Eggshell Seedlings

FULL DISCLOSURE: I am not a gardener. This is my husband’s project. He has a MAJOR green thumb, but he doesn’t have a blog, so I’m sharing his fun project with y’all today!

 

Starting Seedlings

It’s smart to start seedlings indoors between 4 and 6 weeks before you plan to transfer outdoors. This depends on the plan, so make sure you research the duration of sprouting! Where we live, the golden-rule is to not plant anything outside until Victoria Day weekend (for my friends south of the border, that’s the weekend before Memorial Day). Even if it feels nice enough, Mother Nature will bite you with a random night of frost if you attempt to plant too early!

Eggshell Seedlings

It is common to start seedlings in peat-pots or the classic plastic-cells. We’re not fans of the plastic-cells, for obvious reasons, but the peat-pots which are a great option, come with a price tag and do require energy inputs into making them. So instead, we chose egg-shells because they are free; they are incredibly environmentally friendly (especially because they were used twice!); they provide nutrients into the soil; and they are really easy to transfer. 

Process

1. Collecting Eggshells

We started collecting eggshells in March, being careful to try and crack the egg so that 2/3s of it remained in tact. This allowed for a fairly large little pot to fill with soil! Within a few weeks we had multiple dozens ready to go.

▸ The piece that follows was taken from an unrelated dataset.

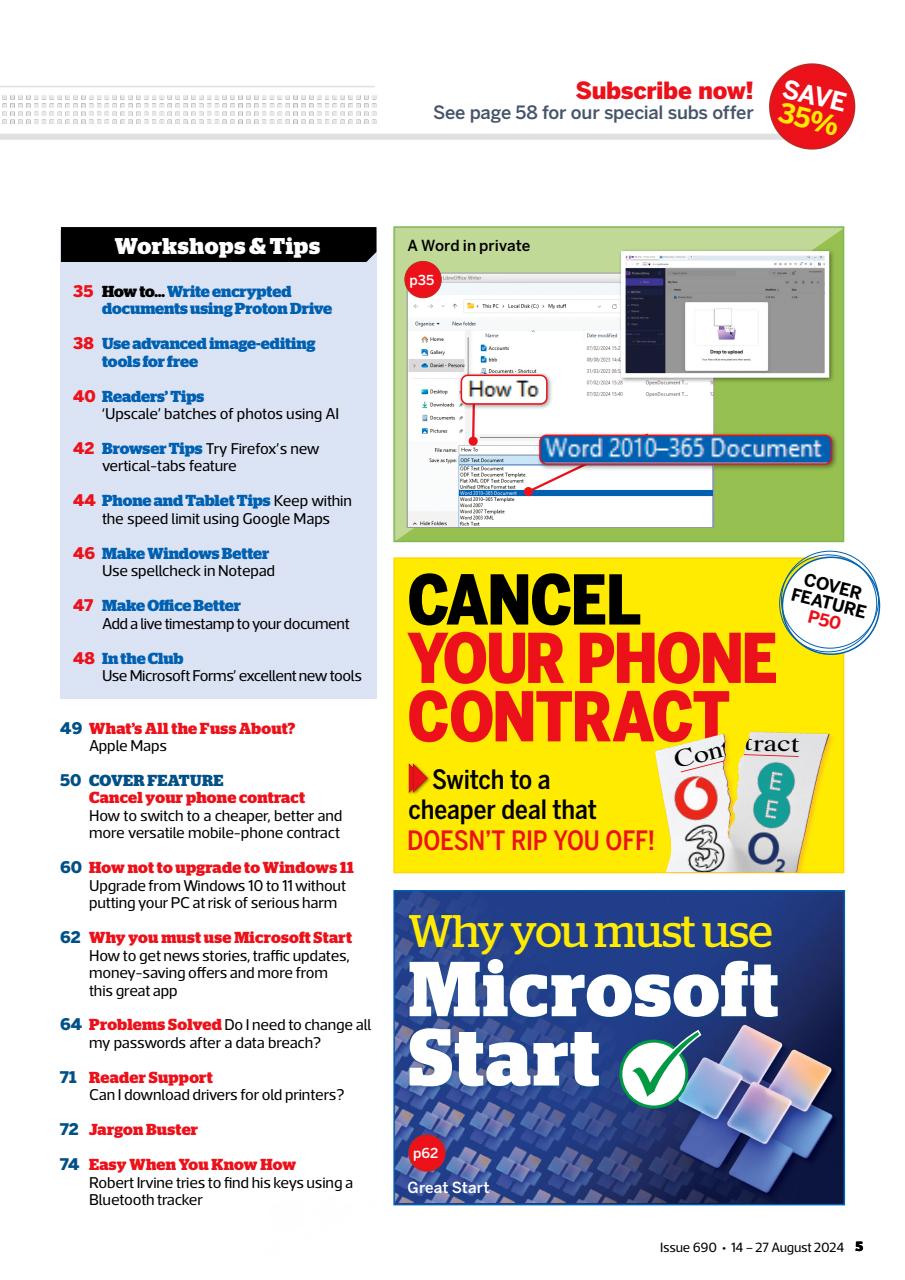 Computer Active Preview Pages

2. Preparing Eggshells and Soil

Once we had gathered enough shells, and the timing was right, the hubby rinsed all of the egg shells, poked a hole in the bottom (to allow excess water to drain and prevent drowning) and filled them with potting soil (ideally organic) making sure not to leave any air pockets. He moistened the soil every day for a few days, before planting, to bring it back to life (his words). Which means, to give any dormant microbes the change to wake up! Microbes are important for everything! Not just gut health!

 

3. Planting Seeds

Next, he planted the seeds at depth instructed by packages. He watered every day with a misting spray bottle, so as not to over or underwater, or displace the seeds. It takes a bit more time, but it is more effective.

 

4. Transferring Seedlings

Once the seedlings are mature enough, and when the weather is nice, he will transplant them into our raised garden beds. 

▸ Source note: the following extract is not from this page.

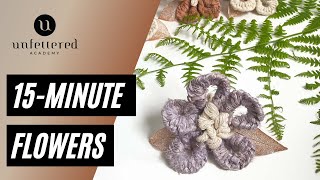 15-Minute Macrame Flower Tutorial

Using a garden trowel or your hands, dig a hole large enough for the egg. As you place the egg into the hole, gently squeeze the egg to crush the shell. This makes space for the roots to escape! Gently cover with soil and pat down around the plant, being sure not to break the seedling. Make sure not to allow any air pockets in around the egg (which can result in fungal growth). You can avoid air pockets by firmly pressing down on the soil around the seedling.

(photo coming soon!)

NOTE: If a seedling outgrows the egg, because you planted them too early, or the weather isn’t cooperating, you may have to transfer them into a larger pot in the meantime. While it’s an extra step, the nutrients still go into that soil so make sure to dump the soil from the new pot into the garden when you eventually replant outdoors!